[Data items]
====

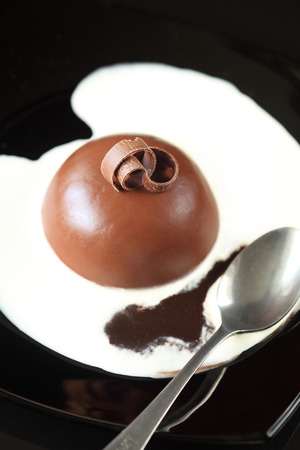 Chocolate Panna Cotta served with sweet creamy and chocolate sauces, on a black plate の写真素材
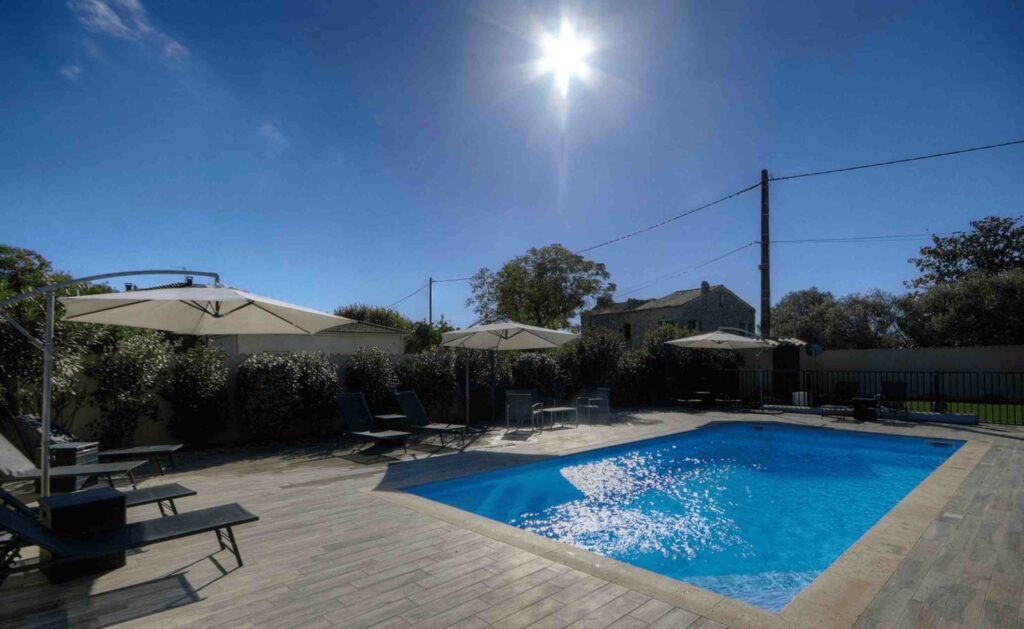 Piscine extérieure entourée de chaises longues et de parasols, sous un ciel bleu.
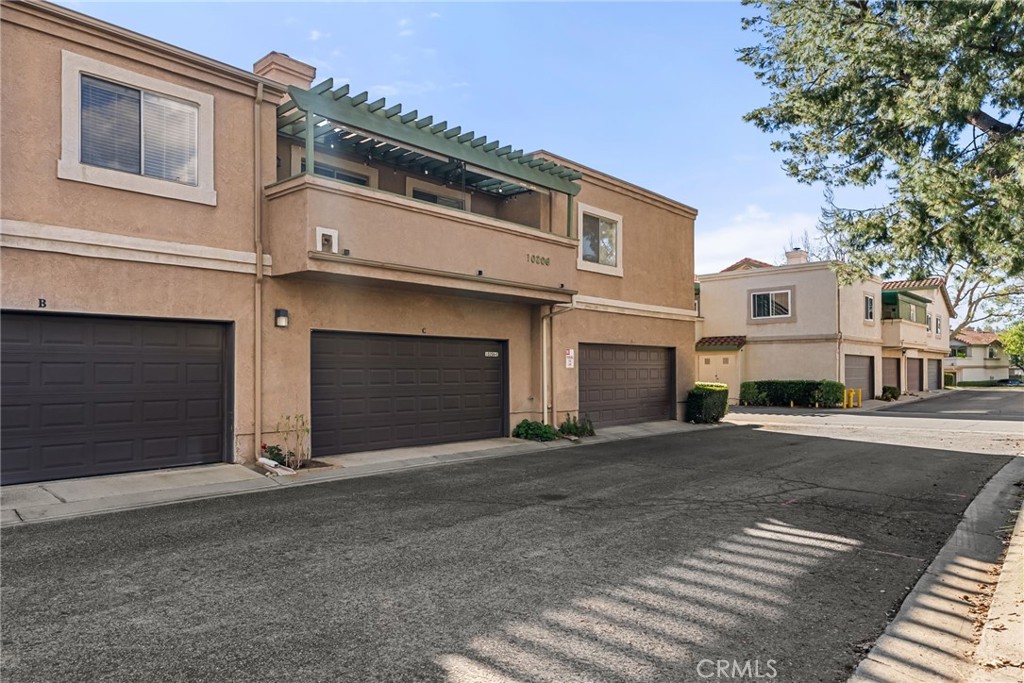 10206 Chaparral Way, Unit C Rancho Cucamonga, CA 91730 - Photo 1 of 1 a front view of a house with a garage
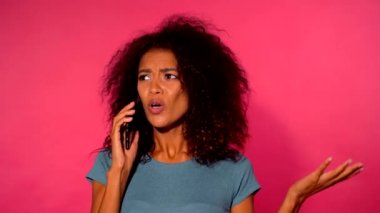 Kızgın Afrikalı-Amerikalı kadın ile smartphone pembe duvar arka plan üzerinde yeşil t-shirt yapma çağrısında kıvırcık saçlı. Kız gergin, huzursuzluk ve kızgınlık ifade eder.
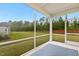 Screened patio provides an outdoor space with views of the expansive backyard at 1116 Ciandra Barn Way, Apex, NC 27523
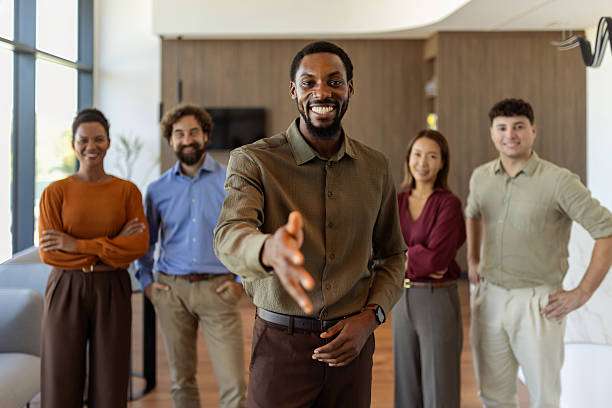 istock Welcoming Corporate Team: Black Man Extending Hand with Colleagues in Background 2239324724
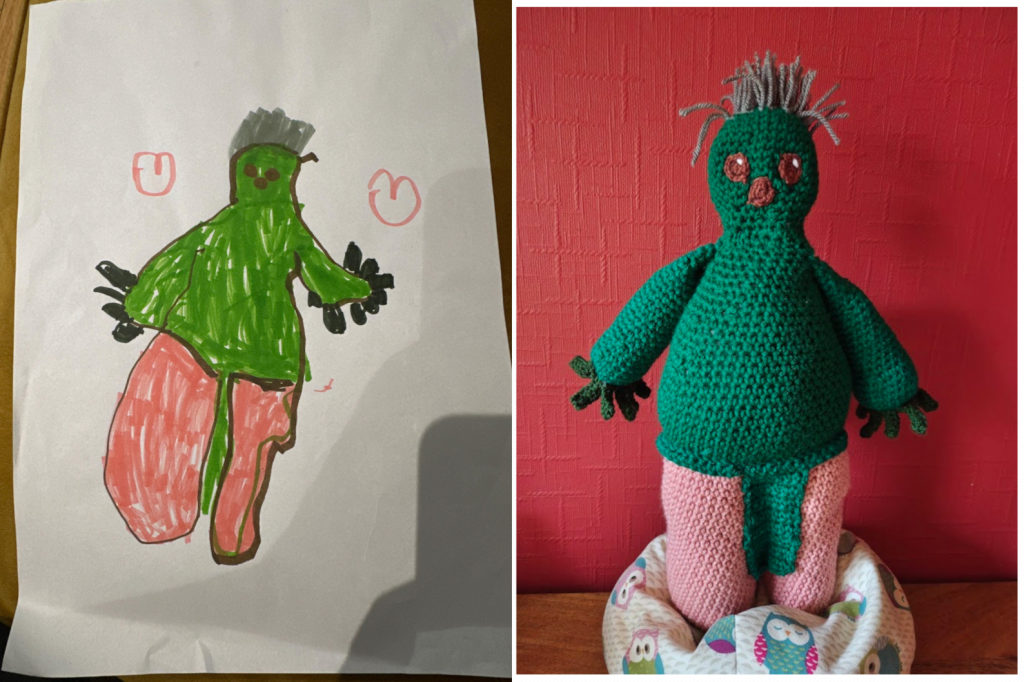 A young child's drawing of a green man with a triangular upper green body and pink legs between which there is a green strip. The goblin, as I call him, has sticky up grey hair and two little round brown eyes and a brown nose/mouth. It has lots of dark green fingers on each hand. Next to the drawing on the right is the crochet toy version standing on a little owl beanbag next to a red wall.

====

- What you should do: Print out the entries above word for word from the first line to the line containing "Screened patio provides", both included, omitting the pictures.

- Result of this task:
 Chocolate Panna Cotta served with sweet creamy and chocolate sauces, on a black plate の写真素材
 Piscine extérieure entourée de chaises longues et de parasols, sous un ciel bleu.
 10206 Chaparral Way, Unit C Rancho Cucamonga, CA 91730 - Photo 1 of 1 a front view of a house with a garage
 Kızgın Afrikalı-Amerikalı kadın ile smartphone pembe duvar arka plan üzerinde yeşil t-shirt yapma çağrısında kıvırcık saçlı. Kız gergin, huzursuzluk ve kızgınlık ifade eder.
 Screened patio provides an outdoor space with views of the expansive backyard at 1116 Ciandra Barn Way, Apex, NC 27523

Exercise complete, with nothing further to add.